Sure, he was busted by the health department once, so he had to move all his perishables to a secret stash. Bonanno believes other chefs in Denver dislike him because he’s too opinionated, but he and I both know it’s because he’s successful. In fact, he spearheaded Denver’s culinary scene, bringing ethnicity (from French to Asian) and innovative dishes to the city – often for the first time. Frank just recently opened up his seventh establishment in Denver (Lou’s Food Bar, an “affordable” French-American restaurant inside a former biker bar), and plans on debuting his eighth (an upscale BBQ smokehouse) within the next three months.
Frank gave us the 4-1-1 on Denver dining, clearing up a few misconceptions along the way.
It’s not all about steak and potatoes. Our dining scene is really good, there’s really talented people doing some great things beyond steaks, and there’s a lot of passion in this city about cooking. I think denver has some of the better educated diners in the country. Our clientele is sophisticated. i think we’ve always had a pretty good palette, and we have everything you want that every other big city has.
Believe it or not, there’s fresh seafood in Denver. Some people ask: “Where do you get fish? How could the fish be fresh?” Oh, come on. You’ve never heard of Fed-Ex? All our seafood basically comes from New York. People think fresh seafood here is impossible but it isn’t.
There’s more to drink than Coors Light. I actually do believe our cocktail scene is outdoing New York and San Francisco. It’s a bold statement but every restaurant has a cocktail program.We have so many small batch brewers here, and it’s so widespread. Even our regulars will deviate from a simple drink to try our homemade gin and tonic (we make our own tonic) or Moscow Mule. Denver has come far with the cocktail scene. I can’t think of a restaurant in the top thirty that doesn’t have an extensive cocktail program.
It’s not all American. We have great Mexican food thanks to our huge Mexican community. We have really good ethnic food in Colorado in general. We have awesome pho, too. I would put our Sushi Den against Nobu’s fish any day of the week. It’s unbelievable. They get their fish from the Japanese fish market.
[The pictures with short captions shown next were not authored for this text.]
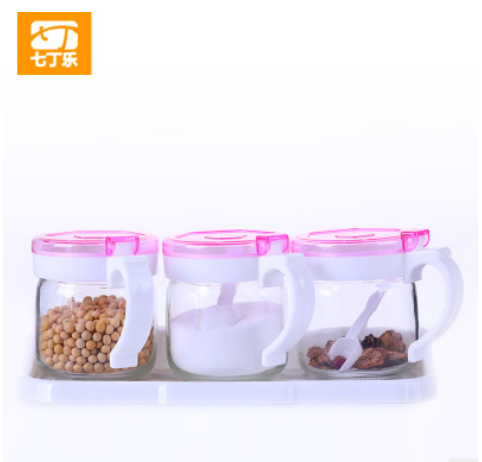 300ml玻璃調(diào)味油壺三件套裝玻璃調(diào)味油壺三件套裝批發(fā)玻璃調(diào)味油壺三件套裝價(jià)格玻璃調(diào)味油壺三件套裝廠家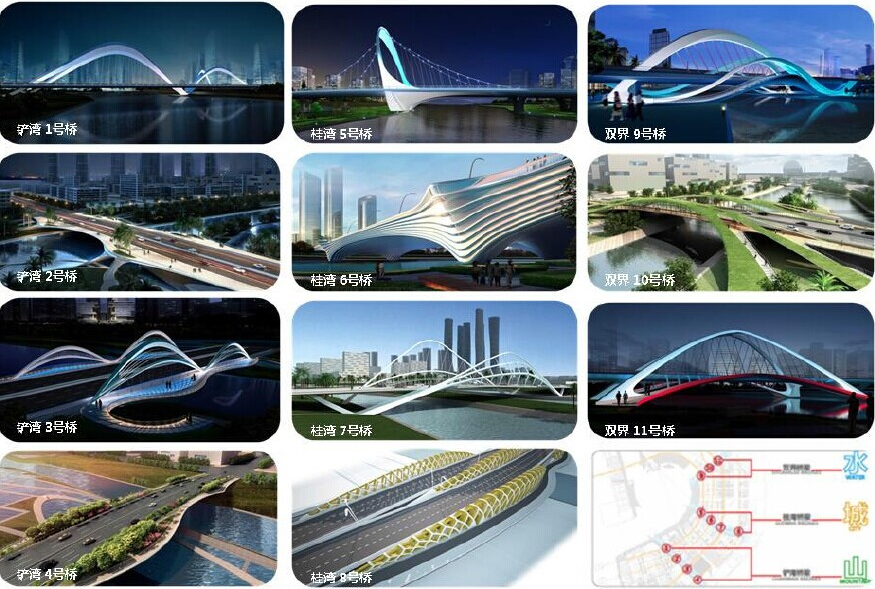 dac khu kinh te Tien Hai anh 3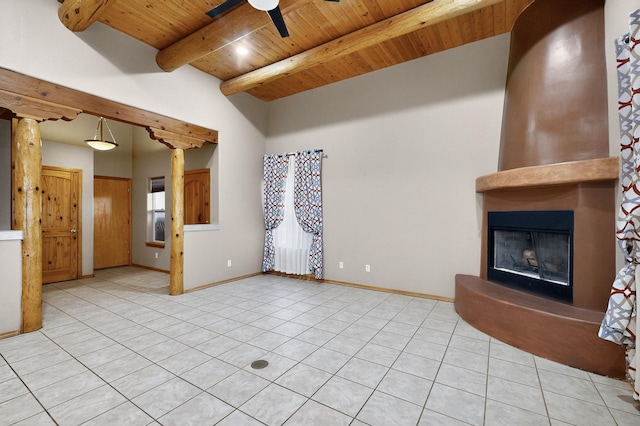 30 Dardenne Ct, Edgewood, NM 87015 - photo 9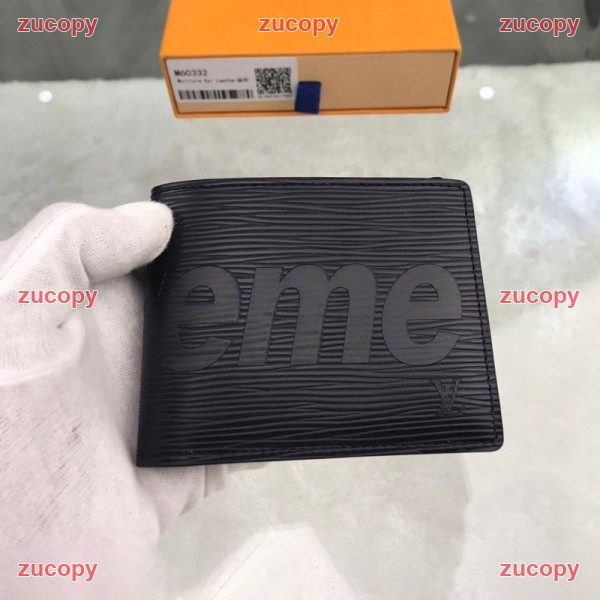 人気 ルイ・ヴィトン 折り財布 コピー - ZC-WL-1EXZY6J 画像 4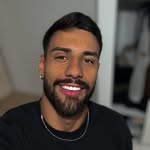 Adrian Castro - @adrian_castro1 - Instagram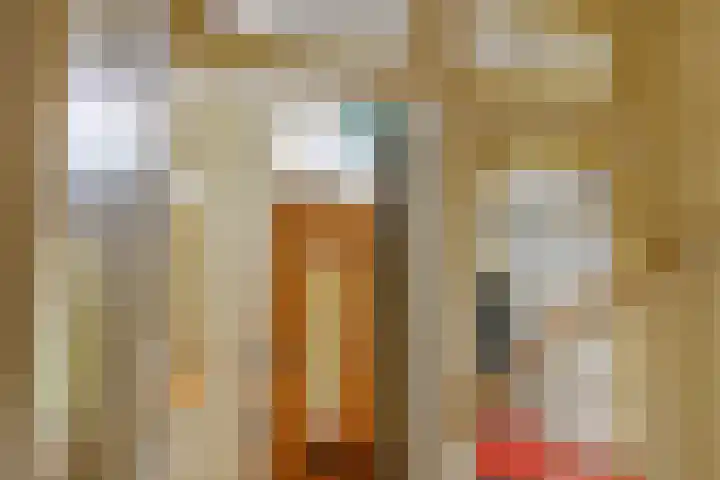 Planetenlaan 156 Haarlem thumbnail 6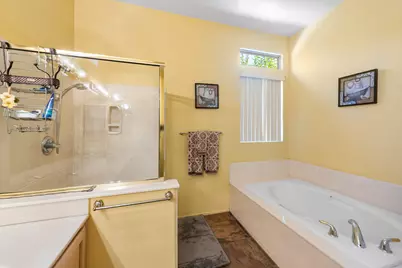 80298 Royal Dornoch Drive, Indio, CA 92201 - Photo 24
And they have a certified sushi chef, which you don’t find a lot in this country.
Forget Rocky Mountain Oysters. Denver is all about artesianal cooking. Restaurants use whole animals, lambs, unpasteurized milk to make cheese. That’s something Denver’s been embracing for years, like farm-to-table, whole animal cooking. There is a ton of talent and great chefs here. We don’t set trends, but people are on par with what’s going on nationally.